In deze zaak heeft belanghebbende, een B.V., hoger beroep ingesteld tegen een uitspraak van de rechtbank Gelderland van 20 mei 2021, waarin een naheffingsaanslag overdrachtsbelasting was opgelegd. De rechtbank verklaarde het beroep van belanghebbende niet-ontvankelijk vanwege een niet-verschoonbare termijnoverschrijding. Tijdens de zitting op 25 mei 2022 trok belanghebbende haar hoger beroep mondeling in en verzocht het Hof om de Inspecteur van de Belastingdienst te veroordelen in de proceskosten. Het Hof besloot het onderzoek te sluiten, maar ontving later nog een nader stuk van belanghebbende, dat het Hof niet in overweging nam.
Het Hof oordeelde dat het verzoek om proceskostenvergoeding aanhield tot de naheffingsaanslag van een derde partij, [naam1], definitief was. De Hoge Raad verklaarde op 11 oktober 2024 het beroep in cassatie van [naam1] ongegrond, waardoor de naheffingsaanslag definitief vaststond. Het Hof oordeelde dat er geen sprake was van een tegemoetkoming door de Inspecteur, omdat deze niet ambtshalve de naheffingsaanslag van belanghebbende zou verminderen. Daarom werd het verzoek om proceskostenvergoeding afgewezen.

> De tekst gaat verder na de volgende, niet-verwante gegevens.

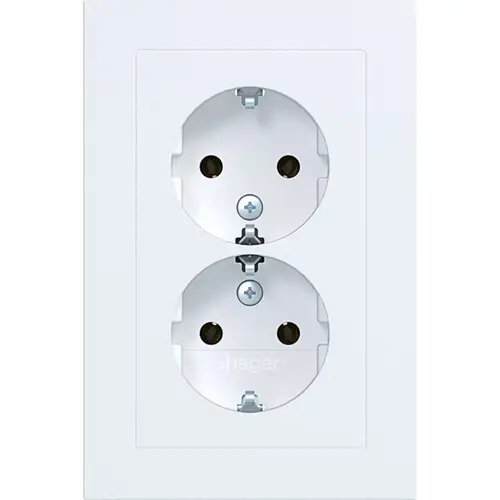 Hager Berker WAS2170WM wandcontactdoos 2-voudig randaarde voor ovale 1,5 inbouwdoos A1 lichtwit mat
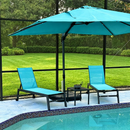 PURPLE LEAF Outdoor Textilene Chaise Lounge with Wheels for Outside Aluminum Patio Lounge Chair with 5 Adjustable Position Recliner for Patio, Beach, Yard, Pool, Side Table Included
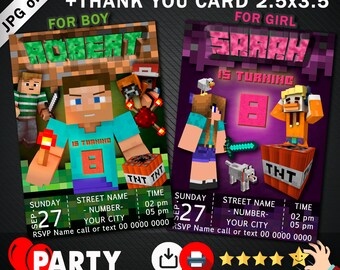 Mine themed birthday invitation +free Thank you card. Mine invitation. Mine craft Party. Mine birthday party. Mine Invite. Pixel Party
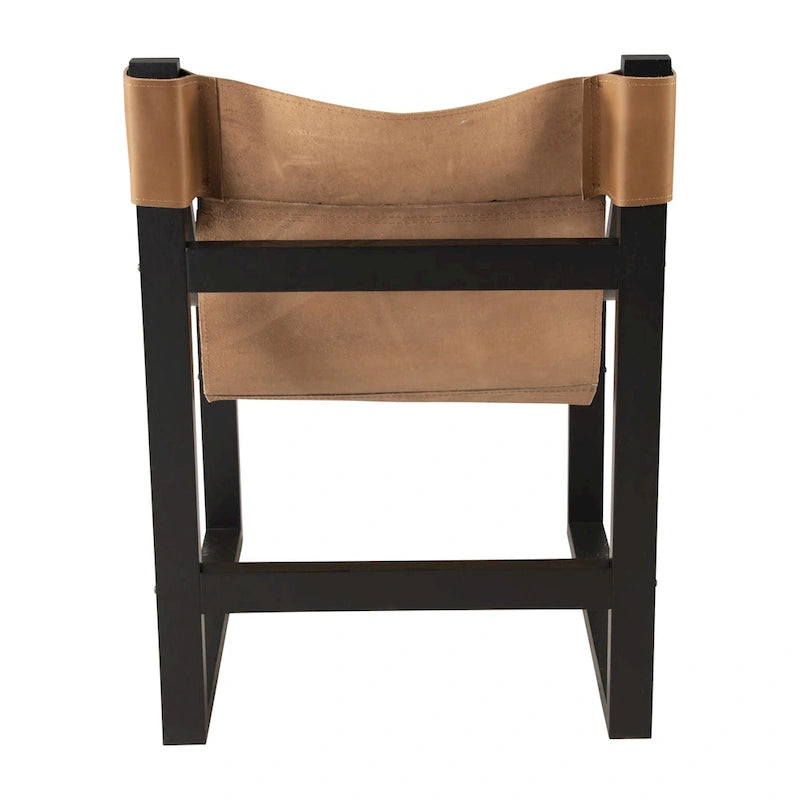 Steve Silver Logan Top Grain Leather and Solid Wood Sling Accent Chair
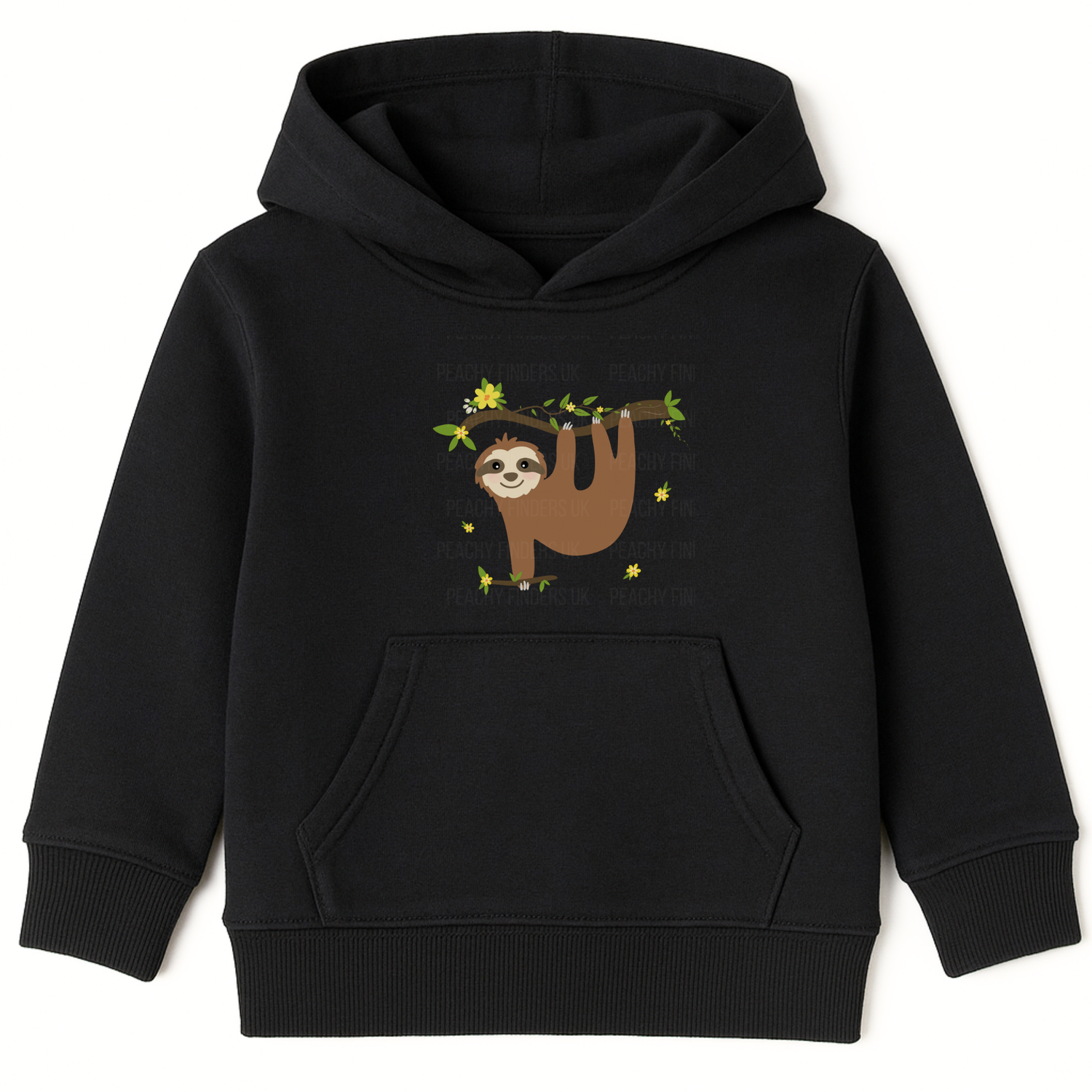 Kids black pullover hoodie with cute sloth hanging from branch graphic and front pouch pocket.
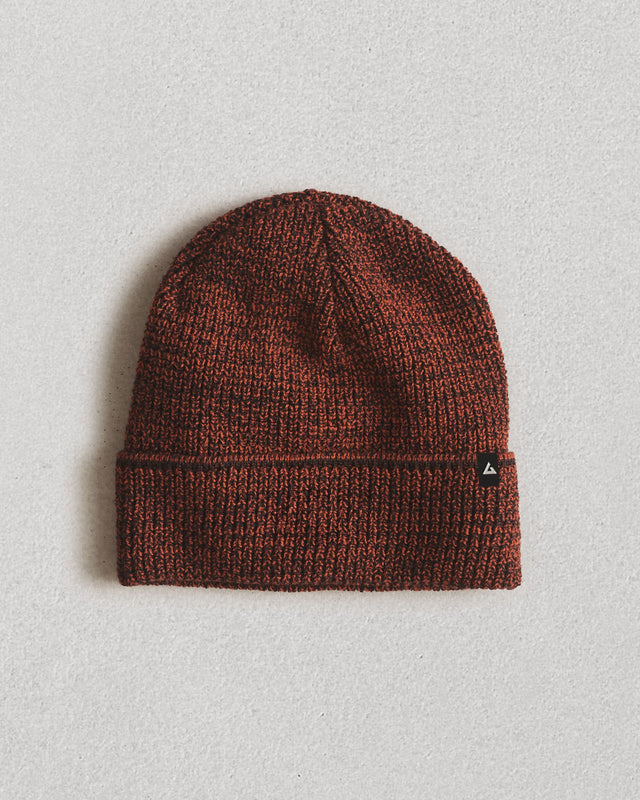 Cuffed Marled Merino Wool Beanie - Marled Rust Black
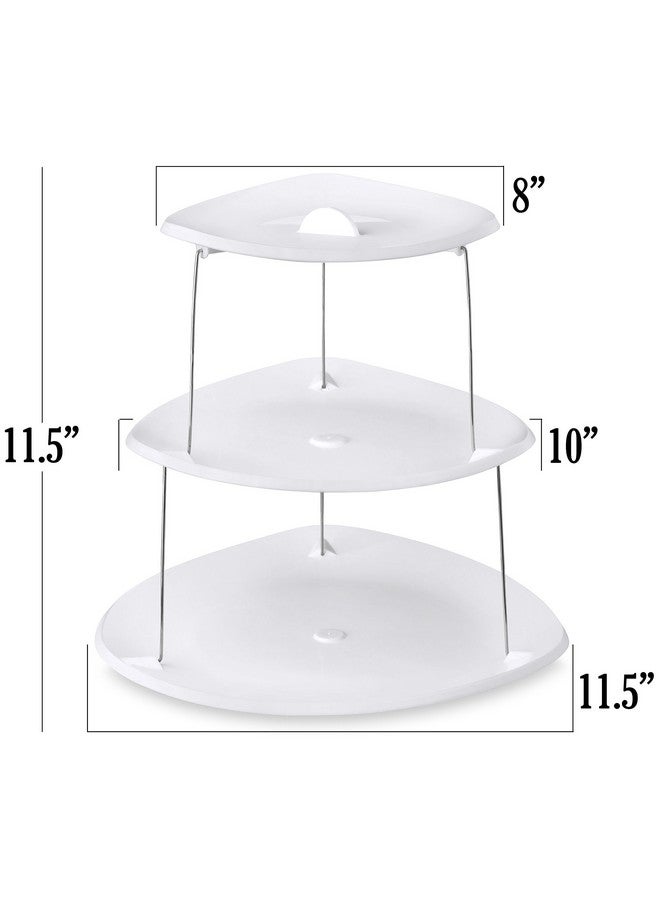 Masirs Collapsible 3-Tier Party Tray: Decorative Design Folds for Minimal Storage. an Elegant Serving Tray for Sandwiches, Cake, Sliced Cheese, and Deli Meat. - Image 2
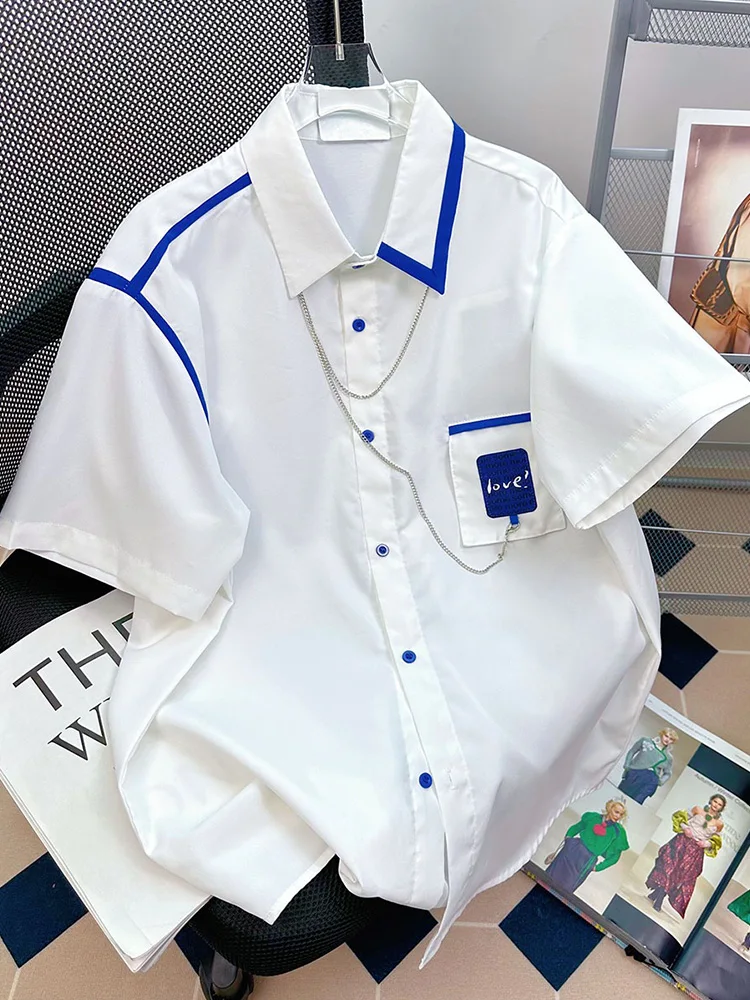 

Летняя мужская свободная рубашка с коротким рукавом, контрастными цветовыми блоками и цепочкой, повседневная, модная, из хлопка, однотонная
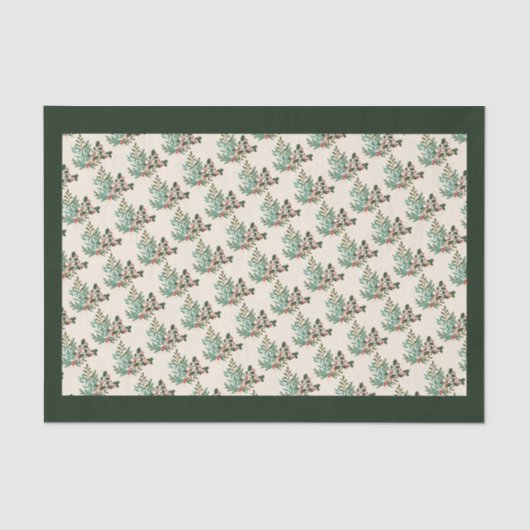 Klassieke unieke groene botanische kerstvakantie tissuepapier (Voorkant)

De uitspraak werd gedaan door de derde meervoudige belastingkamer van het Gerechtshof Arnhem-Leeuwarden op 7 januari 2025. De beslissing werd openbaar uitgesproken en partijen werden geïnformeerd over de mogelijkheid om binnen zes weken beroep in cassatie in te stellen bij de Hoge Raad der Nederlanden.